→ **Exercise instructions**:
Pictures aside, reproduce exactly and only the lines below, starting at the one containing "Judge gavel and" and ending at the last line.

→ **Data below**:
----

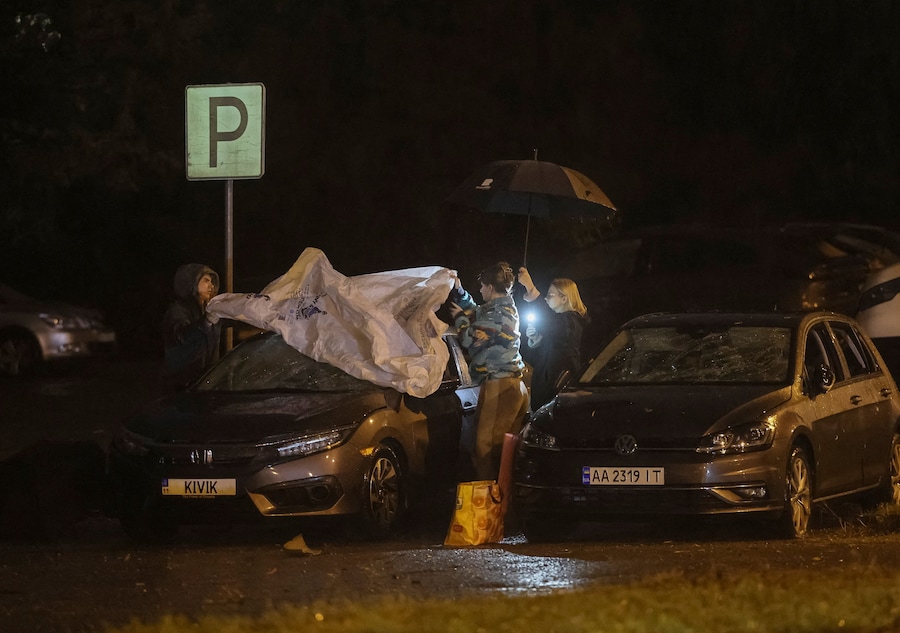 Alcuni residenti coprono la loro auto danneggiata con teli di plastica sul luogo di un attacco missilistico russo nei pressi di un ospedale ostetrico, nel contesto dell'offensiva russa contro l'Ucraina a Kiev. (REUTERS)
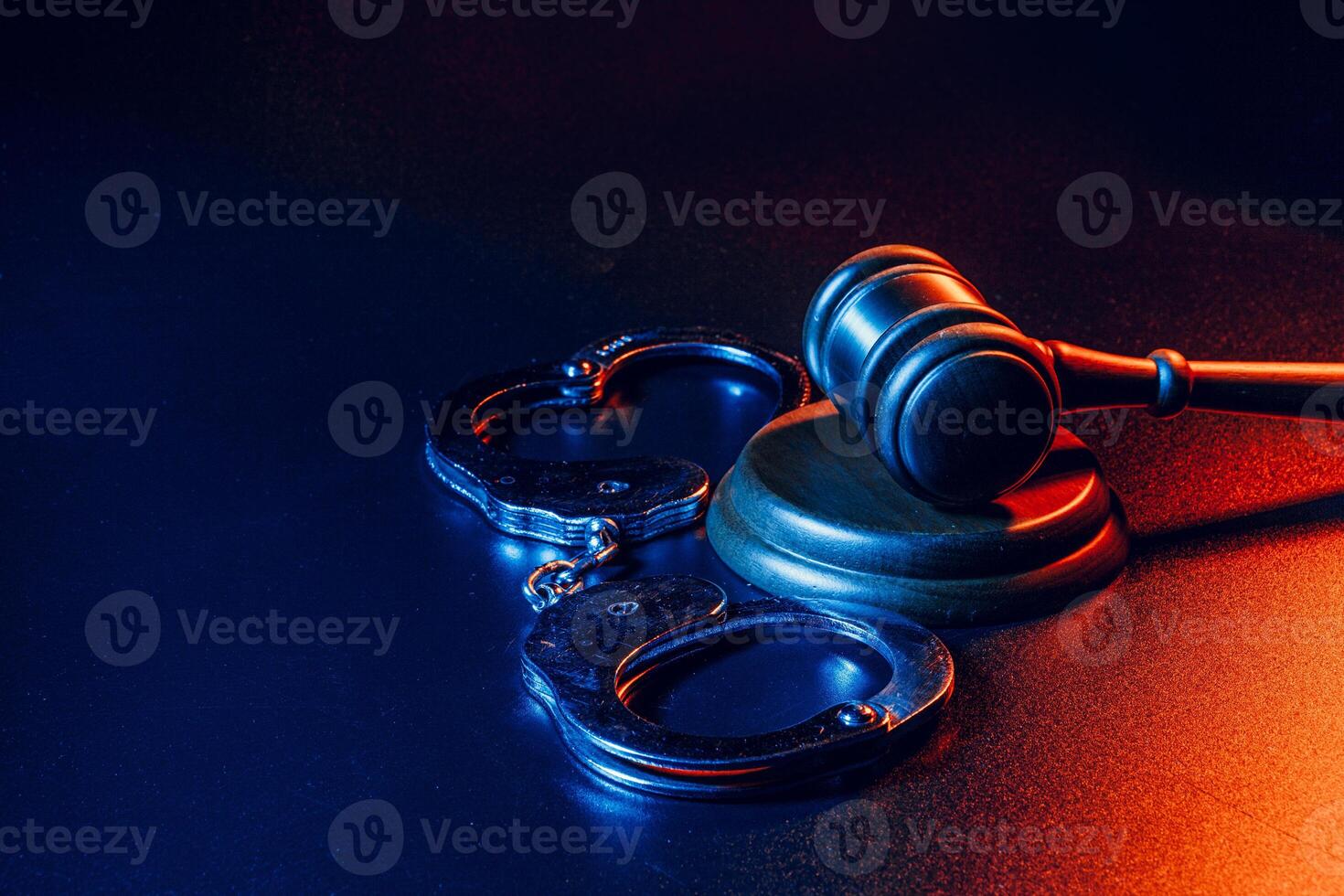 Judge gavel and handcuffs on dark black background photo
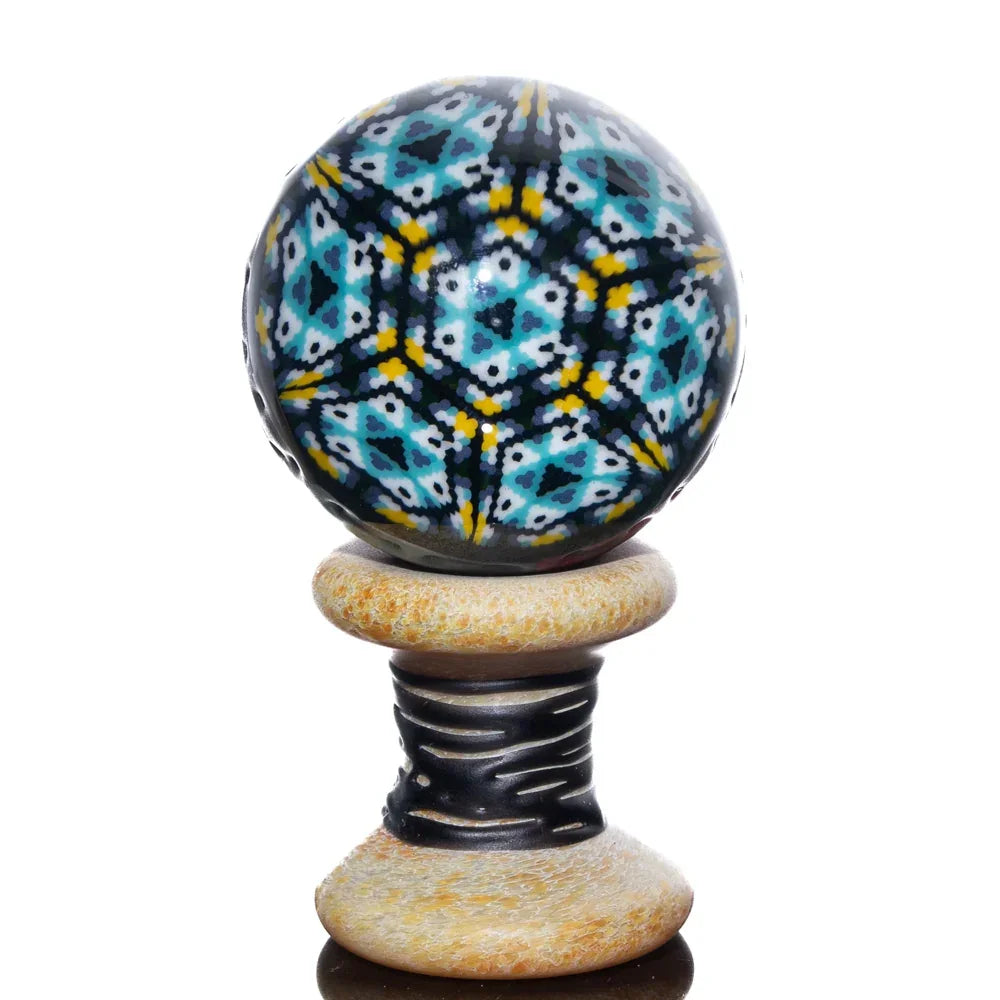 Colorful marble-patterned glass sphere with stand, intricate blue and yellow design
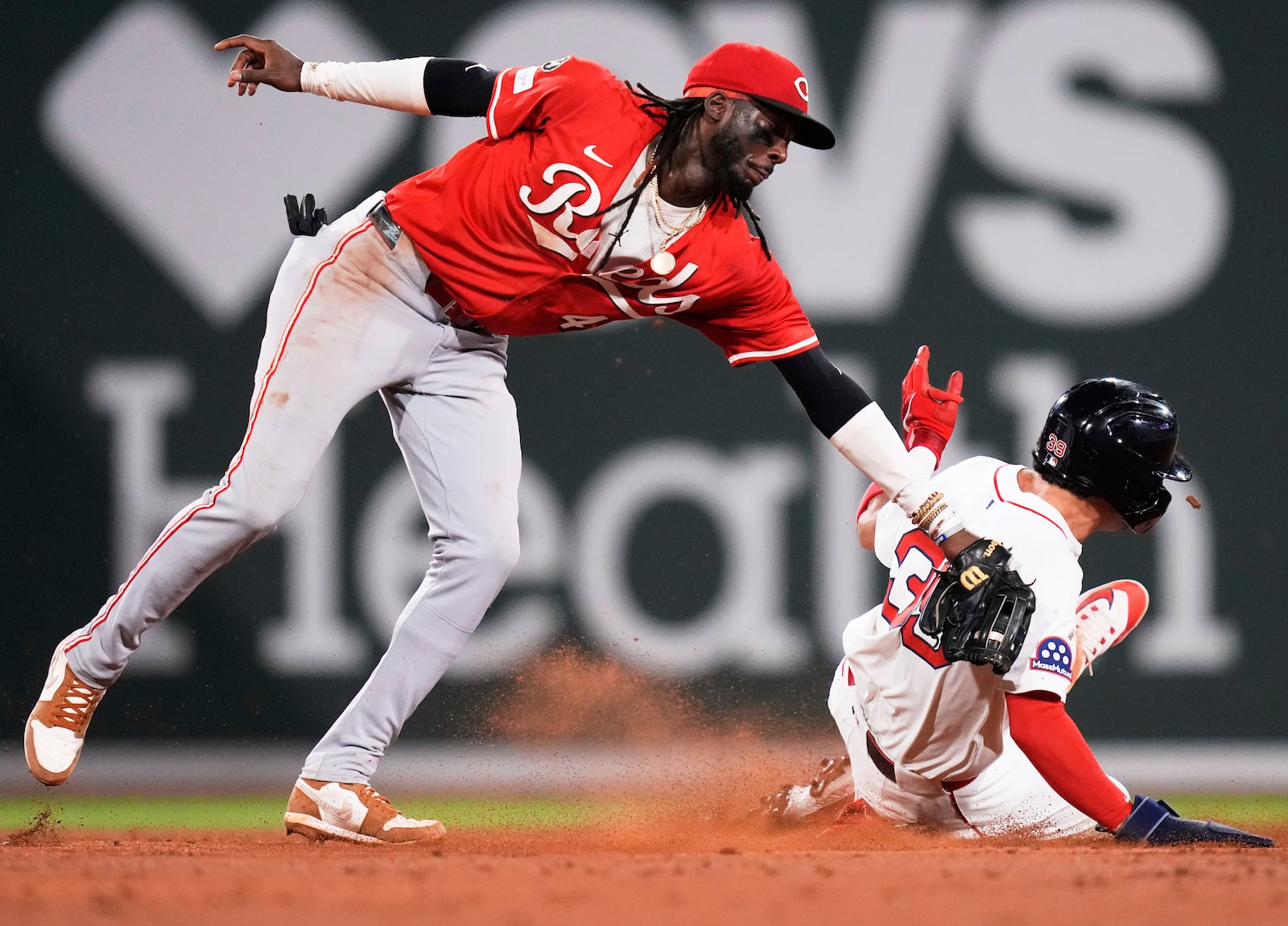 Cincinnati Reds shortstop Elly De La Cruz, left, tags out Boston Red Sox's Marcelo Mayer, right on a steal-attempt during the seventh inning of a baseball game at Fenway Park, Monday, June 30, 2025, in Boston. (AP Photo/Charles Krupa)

----

→ **Answer below**:
 Judge gavel and handcuffs on dark black background photo
 Colorful marble-patterned glass sphere with stand, intricate blue and yellow design
 Cincinnati Reds shortstop Elly De La Cruz, left, tags out Boston Red Sox's Marcelo Mayer, right on a steal-attempt during the seventh inning of a baseball game at Fenway Park, Monday, June 30, 2025, in Boston. (AP Photo/Charles Krupa)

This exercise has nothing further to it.